What about the contemporary world? Instant communication, fast dissemination of information, shrinking of space and removal of many barriers, has elevated ‘living together’ from the status of a metaphor to that of description of reality. Cultures intermix, dress codes change and cuisines cross-fertilize. Gone are the days of living in exclusive communities, comprising one’s coreligionists only. Living spaces are now increasingly shared by individuals and families who belong to different ethnic groups and speak different languages. Added to these needs for adjustments are some new worries.

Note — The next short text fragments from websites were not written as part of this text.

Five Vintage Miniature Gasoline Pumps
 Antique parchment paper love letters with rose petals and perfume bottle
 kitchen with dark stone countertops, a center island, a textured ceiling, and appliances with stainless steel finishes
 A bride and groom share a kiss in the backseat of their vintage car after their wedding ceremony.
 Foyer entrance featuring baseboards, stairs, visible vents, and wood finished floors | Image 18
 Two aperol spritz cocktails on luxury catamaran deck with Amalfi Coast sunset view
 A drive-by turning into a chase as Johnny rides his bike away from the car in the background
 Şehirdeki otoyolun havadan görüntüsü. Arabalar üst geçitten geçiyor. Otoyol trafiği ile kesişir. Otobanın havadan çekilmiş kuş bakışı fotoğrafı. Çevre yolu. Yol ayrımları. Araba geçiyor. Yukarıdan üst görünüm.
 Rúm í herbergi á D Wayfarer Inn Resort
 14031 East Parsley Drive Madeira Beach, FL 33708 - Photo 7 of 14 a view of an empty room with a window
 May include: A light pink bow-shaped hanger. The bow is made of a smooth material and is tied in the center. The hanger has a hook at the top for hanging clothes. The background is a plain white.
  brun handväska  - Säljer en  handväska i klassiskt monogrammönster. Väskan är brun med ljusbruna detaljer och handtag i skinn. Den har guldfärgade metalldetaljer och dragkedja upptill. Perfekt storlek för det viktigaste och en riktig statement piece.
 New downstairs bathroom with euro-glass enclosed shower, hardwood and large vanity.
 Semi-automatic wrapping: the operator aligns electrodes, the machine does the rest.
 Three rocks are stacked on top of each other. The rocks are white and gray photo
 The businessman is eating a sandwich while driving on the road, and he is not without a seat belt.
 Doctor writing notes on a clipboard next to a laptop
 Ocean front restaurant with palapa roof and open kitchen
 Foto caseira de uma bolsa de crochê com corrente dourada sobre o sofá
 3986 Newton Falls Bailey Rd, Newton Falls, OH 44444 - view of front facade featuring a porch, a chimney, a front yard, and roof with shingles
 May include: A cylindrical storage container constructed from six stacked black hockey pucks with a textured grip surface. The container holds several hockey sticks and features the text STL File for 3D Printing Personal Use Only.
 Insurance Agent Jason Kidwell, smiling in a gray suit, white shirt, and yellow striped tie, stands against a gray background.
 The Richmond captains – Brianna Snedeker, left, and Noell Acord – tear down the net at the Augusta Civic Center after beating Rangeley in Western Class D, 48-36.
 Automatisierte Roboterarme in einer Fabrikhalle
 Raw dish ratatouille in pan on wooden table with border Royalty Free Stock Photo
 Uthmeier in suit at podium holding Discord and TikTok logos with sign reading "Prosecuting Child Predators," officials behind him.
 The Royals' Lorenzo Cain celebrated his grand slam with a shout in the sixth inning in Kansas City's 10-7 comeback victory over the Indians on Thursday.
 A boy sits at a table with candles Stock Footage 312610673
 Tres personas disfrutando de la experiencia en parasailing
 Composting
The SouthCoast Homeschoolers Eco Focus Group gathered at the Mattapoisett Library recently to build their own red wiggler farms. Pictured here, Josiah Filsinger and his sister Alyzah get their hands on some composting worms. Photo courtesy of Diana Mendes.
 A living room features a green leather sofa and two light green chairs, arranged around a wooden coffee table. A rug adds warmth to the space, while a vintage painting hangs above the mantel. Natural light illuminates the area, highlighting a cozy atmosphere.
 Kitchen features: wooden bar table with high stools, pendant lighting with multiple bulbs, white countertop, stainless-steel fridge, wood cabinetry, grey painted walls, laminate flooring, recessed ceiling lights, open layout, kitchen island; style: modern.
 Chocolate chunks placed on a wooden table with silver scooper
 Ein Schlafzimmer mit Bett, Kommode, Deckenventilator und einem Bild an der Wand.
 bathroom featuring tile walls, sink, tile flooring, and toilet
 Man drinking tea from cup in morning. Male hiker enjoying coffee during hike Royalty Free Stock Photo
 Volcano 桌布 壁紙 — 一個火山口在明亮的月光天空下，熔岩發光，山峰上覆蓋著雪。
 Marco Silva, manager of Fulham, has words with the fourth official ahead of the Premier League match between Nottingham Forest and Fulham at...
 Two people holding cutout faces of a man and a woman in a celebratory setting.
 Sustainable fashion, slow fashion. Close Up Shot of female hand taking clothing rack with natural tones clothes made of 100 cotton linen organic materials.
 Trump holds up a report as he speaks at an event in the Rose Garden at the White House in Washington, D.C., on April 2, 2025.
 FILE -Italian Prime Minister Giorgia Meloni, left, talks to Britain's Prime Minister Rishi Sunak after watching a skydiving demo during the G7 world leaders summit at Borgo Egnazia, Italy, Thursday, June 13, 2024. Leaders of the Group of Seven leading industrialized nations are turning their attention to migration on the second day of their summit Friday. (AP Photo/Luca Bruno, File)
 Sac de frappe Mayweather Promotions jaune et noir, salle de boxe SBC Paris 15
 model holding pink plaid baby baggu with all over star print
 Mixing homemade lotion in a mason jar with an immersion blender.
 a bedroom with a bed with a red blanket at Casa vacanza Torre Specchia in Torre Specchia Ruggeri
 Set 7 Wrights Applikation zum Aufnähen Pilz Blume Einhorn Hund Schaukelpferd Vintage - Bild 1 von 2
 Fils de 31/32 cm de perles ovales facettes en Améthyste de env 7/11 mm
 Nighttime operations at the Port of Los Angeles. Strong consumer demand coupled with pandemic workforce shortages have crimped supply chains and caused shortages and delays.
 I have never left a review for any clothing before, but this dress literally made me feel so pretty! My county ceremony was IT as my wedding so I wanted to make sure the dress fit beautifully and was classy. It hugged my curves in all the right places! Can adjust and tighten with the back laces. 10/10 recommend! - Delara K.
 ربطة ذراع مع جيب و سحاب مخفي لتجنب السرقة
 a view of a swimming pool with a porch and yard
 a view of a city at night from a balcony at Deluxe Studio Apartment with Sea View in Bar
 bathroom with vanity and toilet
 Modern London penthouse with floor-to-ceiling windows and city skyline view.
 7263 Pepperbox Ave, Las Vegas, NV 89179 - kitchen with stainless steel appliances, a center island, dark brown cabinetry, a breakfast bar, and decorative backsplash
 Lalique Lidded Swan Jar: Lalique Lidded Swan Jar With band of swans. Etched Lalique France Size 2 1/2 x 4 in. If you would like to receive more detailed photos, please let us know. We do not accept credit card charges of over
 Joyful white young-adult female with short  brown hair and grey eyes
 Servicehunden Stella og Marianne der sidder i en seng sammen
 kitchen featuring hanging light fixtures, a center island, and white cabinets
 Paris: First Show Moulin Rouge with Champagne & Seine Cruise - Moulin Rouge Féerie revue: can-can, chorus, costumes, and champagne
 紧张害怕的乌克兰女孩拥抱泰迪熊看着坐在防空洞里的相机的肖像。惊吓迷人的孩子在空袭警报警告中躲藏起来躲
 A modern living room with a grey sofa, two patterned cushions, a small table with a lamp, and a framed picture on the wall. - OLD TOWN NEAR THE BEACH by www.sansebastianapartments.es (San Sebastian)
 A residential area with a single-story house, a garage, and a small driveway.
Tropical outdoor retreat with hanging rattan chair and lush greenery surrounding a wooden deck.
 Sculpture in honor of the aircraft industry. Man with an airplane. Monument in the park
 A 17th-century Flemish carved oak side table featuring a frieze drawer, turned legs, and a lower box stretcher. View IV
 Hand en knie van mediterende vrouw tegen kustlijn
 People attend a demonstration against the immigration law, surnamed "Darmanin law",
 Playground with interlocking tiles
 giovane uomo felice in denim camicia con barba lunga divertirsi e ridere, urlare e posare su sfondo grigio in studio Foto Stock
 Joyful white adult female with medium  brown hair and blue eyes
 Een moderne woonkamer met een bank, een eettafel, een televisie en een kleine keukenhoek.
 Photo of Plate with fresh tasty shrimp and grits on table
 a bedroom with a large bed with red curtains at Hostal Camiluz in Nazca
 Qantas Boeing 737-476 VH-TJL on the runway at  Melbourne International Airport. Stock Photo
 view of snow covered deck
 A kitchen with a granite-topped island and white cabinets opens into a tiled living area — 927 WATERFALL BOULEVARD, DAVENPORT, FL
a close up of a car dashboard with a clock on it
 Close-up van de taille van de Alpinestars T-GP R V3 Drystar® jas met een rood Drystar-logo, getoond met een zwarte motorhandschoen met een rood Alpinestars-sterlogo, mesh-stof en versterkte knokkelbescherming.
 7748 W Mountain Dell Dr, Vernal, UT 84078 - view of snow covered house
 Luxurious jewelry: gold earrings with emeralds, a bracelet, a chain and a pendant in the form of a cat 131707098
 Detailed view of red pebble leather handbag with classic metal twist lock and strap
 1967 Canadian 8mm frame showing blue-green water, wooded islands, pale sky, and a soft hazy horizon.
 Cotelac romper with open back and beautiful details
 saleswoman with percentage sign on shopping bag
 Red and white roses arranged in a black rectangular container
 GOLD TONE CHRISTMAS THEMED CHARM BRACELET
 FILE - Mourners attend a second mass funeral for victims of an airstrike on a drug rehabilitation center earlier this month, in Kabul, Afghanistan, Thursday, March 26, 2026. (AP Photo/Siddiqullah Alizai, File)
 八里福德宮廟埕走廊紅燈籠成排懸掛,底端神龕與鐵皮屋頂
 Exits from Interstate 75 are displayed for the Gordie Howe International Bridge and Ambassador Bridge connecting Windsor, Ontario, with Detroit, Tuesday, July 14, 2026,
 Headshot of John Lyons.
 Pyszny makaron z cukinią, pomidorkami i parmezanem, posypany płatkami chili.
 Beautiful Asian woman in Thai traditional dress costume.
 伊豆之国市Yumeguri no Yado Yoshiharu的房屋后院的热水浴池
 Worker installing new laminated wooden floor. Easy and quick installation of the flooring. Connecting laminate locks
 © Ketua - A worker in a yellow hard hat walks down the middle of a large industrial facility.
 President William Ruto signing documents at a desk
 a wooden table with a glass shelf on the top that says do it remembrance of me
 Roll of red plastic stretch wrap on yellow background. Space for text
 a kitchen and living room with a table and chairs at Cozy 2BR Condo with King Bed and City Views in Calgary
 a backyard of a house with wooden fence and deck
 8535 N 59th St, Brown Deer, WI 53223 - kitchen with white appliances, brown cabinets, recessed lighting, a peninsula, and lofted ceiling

Expanding markets create new opportunities but individuals and groups face new risks and uncertainties. The strong find new weapons while the weak seek new alliances to defend themselves against hegemonic designs. Anxieties increase, depression deepens, conflicts multiply. But the system itself fails to reverse these destructive trends or release forces that could successfully counterbalance them. National governments as well as supra national organizations, instead of solving the problem increasingly appear as part of the problem. The need for a harmonizer was never greater. Could recourse to the religious traditions serve humanity at this critical juncture? Could religion play, once again, the positive role it played at the dawn of human society?
Some demur, saying: Never again! They see religion as a divisive force, pitching individuals against individuals, groups against groups. Some feel religion robs men and women of their reason, their independence of mind, their freedoms, in effect enslaving them to other humans claiming to be their guides and mentors. Religions, certain about the truths they bear, lack tolerance for others, eventually making their adherents fanatics. Religion, they claim, is by nature paternalistic and authoritarian, discouraging creativity, innovations and experimentation that have been sources of progress. They find religion in history entertaining hegemonic designs serving easily as tools in the hand of colonizers and imperial powers. Many a war has been fought in the name of religion spilling innocent blood, they assert.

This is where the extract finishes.